◆ Problem statement:
Transcribe exactly the lines from the one containing "Grün gekleidete Häftlinge in Handschellen" through the end of the data, both included. Leave out pictures.

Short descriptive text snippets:
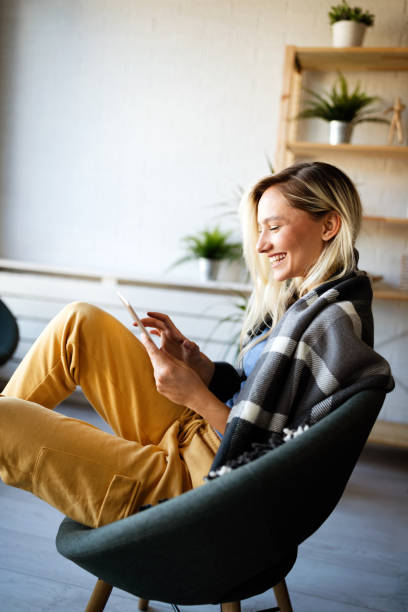 istock Relaxed young woman in sofa smiling content, happy and reading, working on tablet pc at home 1330541306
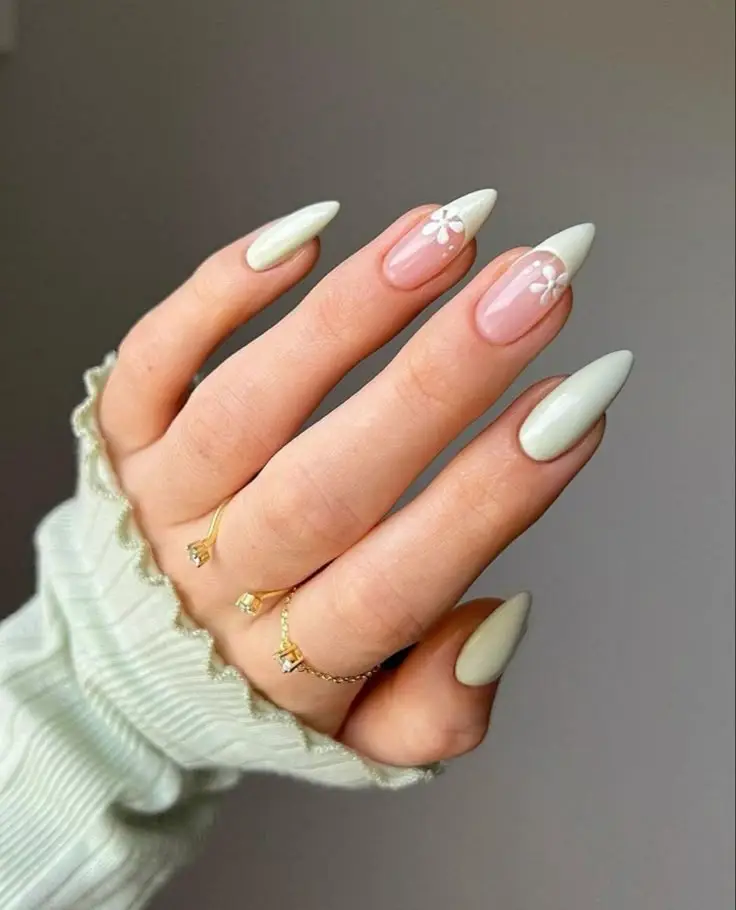 Stylish almond-shaped nails with white floral design, paired with gold rings and a cozy sleeve. Perfect for elegant nail art inspiration.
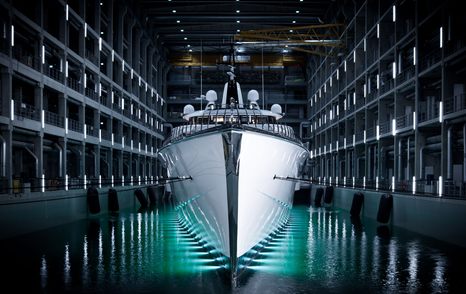 Bow of Bravo Eugenia in Oceanco yacht shed ahead of her launch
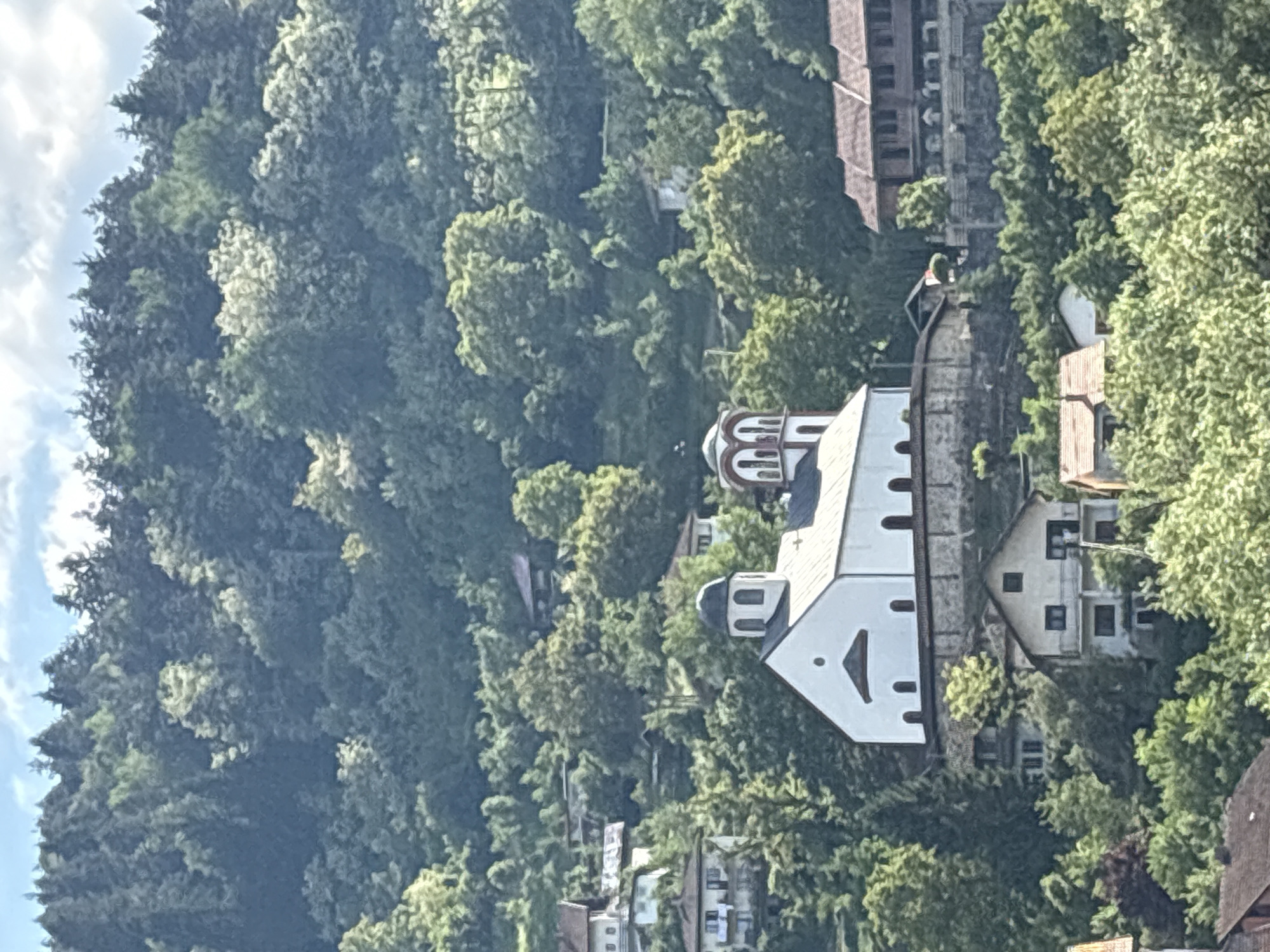 The image shows a white church with domes, surrounded by lush green trees and vegetation. The church is located on a hillside, with residential buildings visible in the background. A dense forest covers the landscape behind the church. The sky is partially visible in the upper left corner, with some clouds present. The orientation of the photo suggests it was taken from an elevated position. Without further context, the specific location within Foča, Bosnia and Herzegovina cannot be definitively determined.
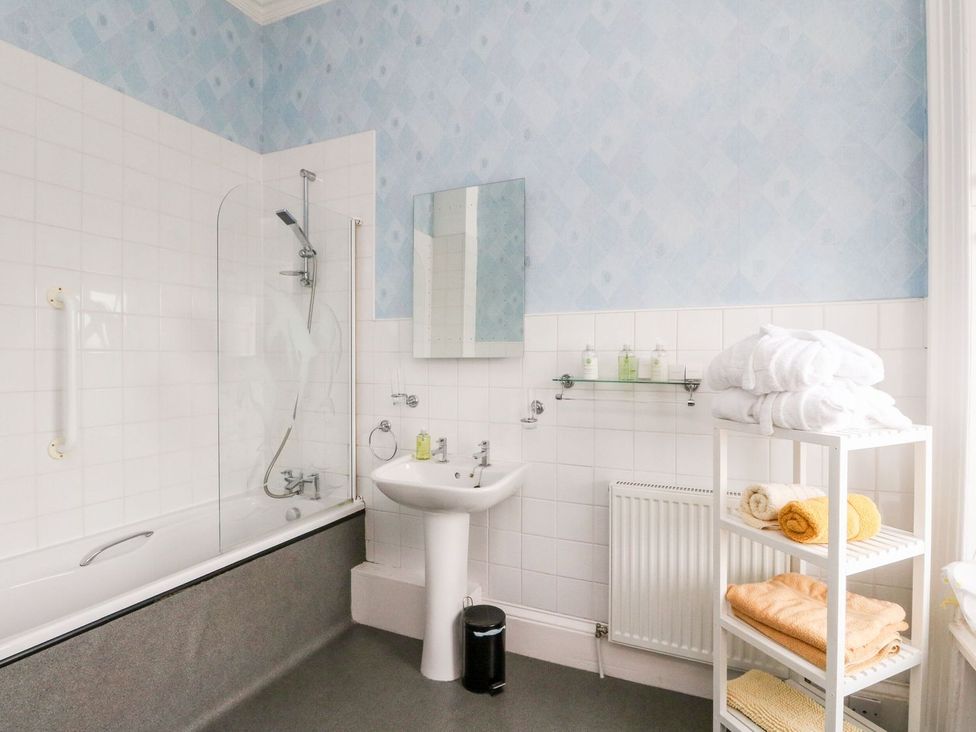 A bathroom with a bathtub and sink at Seaview Wellness Retreat Carnoustie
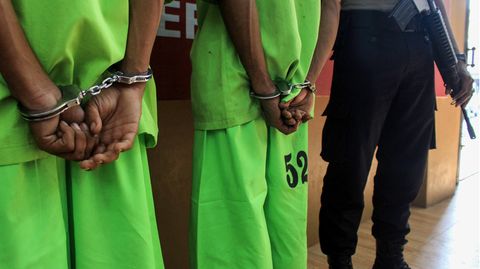 Grün gekleidete Häftlinge in Handschellen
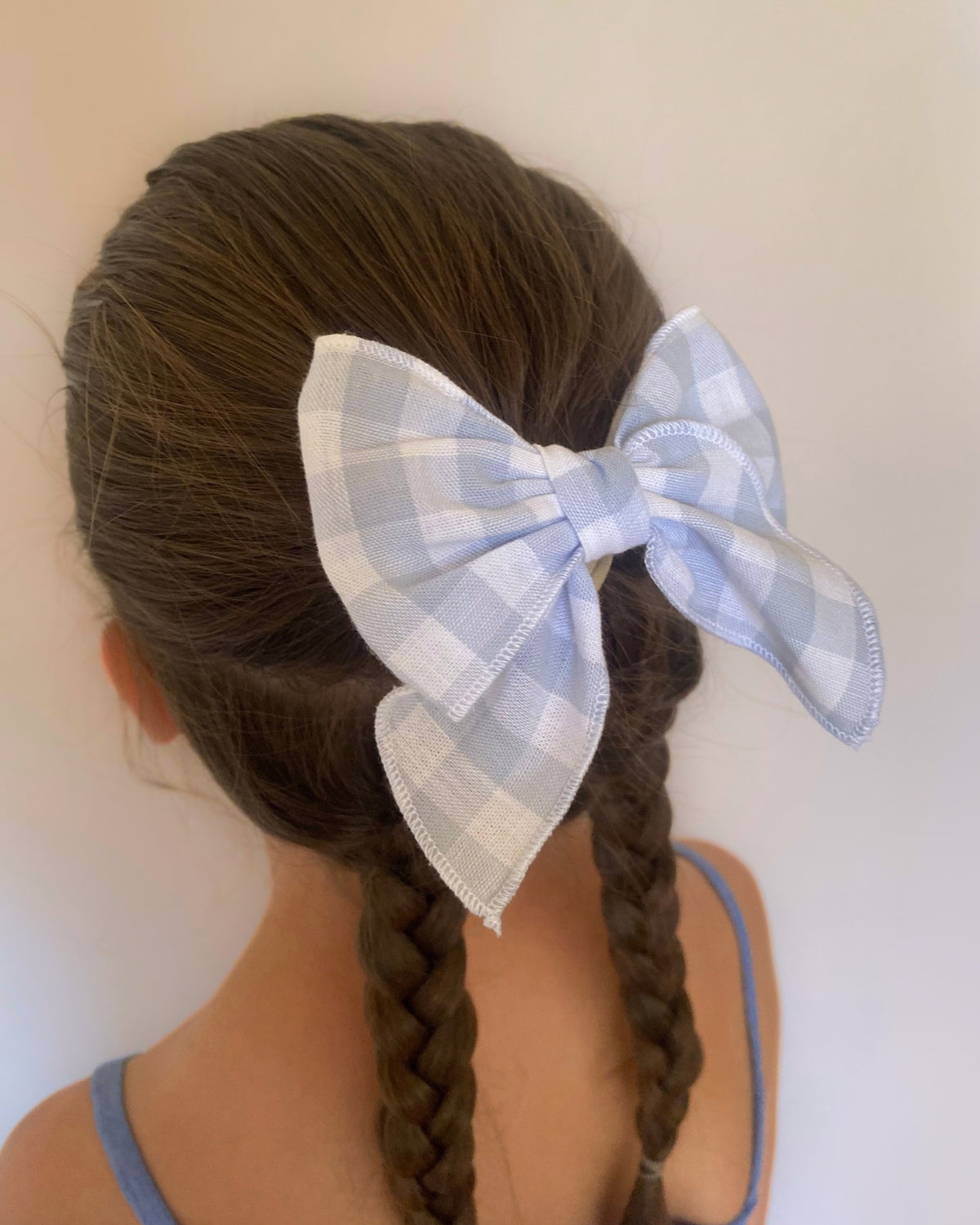Acconciatura con trecce da bambina arricchita da un maxi fiocco per capelli a quadretti vichy azzurro e bianco.
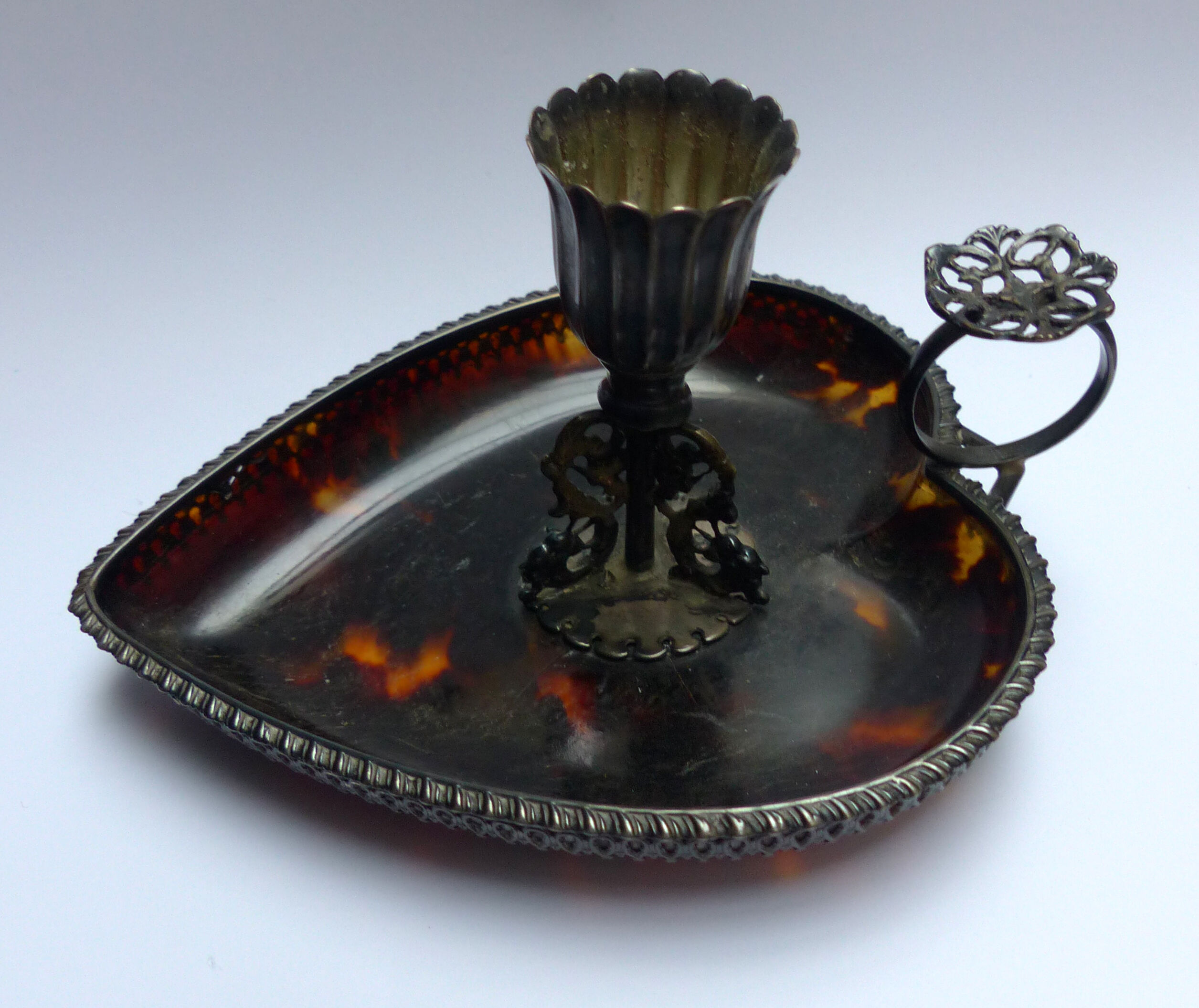 Scaled and silver table candle holder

◆ Finished task:
 Grün gekleidete Häftlinge in Handschellen
Acconciatura con trecce da bambina arricchita da un maxi fiocco per capelli a quadretti vichy azzurro e bianco.
 Scaled and silver table candle holder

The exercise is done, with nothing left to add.